To the above three ends mentioned, and to other aspects of the code I fail to judge—I'm open to critique, with great regards to the reviewers.
Although outside the scope of this site, a small comment on the quality of this code from an employability perspective would be highly appreciated.
from scipy import sparse
from tqdm import tqdm
import matplotlib.pyplot as plt
import numpy as np
class MatrixFactorisation():
"""
A class implementing sparsity optimised methods to factorise a provided (m*n) sparse matrix into two factor matrices of dimensions (m*k) and (n*k), with 'k' specified; designed with collaborative-filtering recommender system applications in mind.
For a matrix R, we compute the decomposition matrices P, Q: R{m*n} = P{m*k}•Q^T{k*n}
The class object is initialised with a sparse input matrix, and the value of 'k'. Even if the data is dense, consider casting it into a sparse format.

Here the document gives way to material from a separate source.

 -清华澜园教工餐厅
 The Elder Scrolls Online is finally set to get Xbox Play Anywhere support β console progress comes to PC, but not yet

Class contains methods to factorise R, considering it either as explicit or implicit data, i.e. considering only the non-zero values for
learning, or considering the entire dense version of the matrix, including zeros, respectively.
For a more informative discussion on explicit and implicit interpretations of matrix data, refer to http://yifanhu.net/PUB/cf.pdf
If matrix R represents feedback values (ratings, view counts etc.) for "items" each described by a column of R, provided by "users" each described by a row of R,
then the factors P, Q represent vector embeddings of "user" and "item" profiles in a common k-dimensional embedding space.
The class also implements a method to plot the training and validation learning curves.
Methods:
- gradient_descent
- sgd
- als
- plot_learning_curve
"""
def __init__(self, R:sparse.csc_matrix, k:int, verbose:bool=False ):
self.R = R # R is the "ratings" matrix to be factorised
self.k = k # hyperparameter k is the number of latent factors desired in the factorised embeddings
self.m, self.n = R.shape
self.P = np.random.rand(self.m, k) # initialising the first factor embedding (of "users")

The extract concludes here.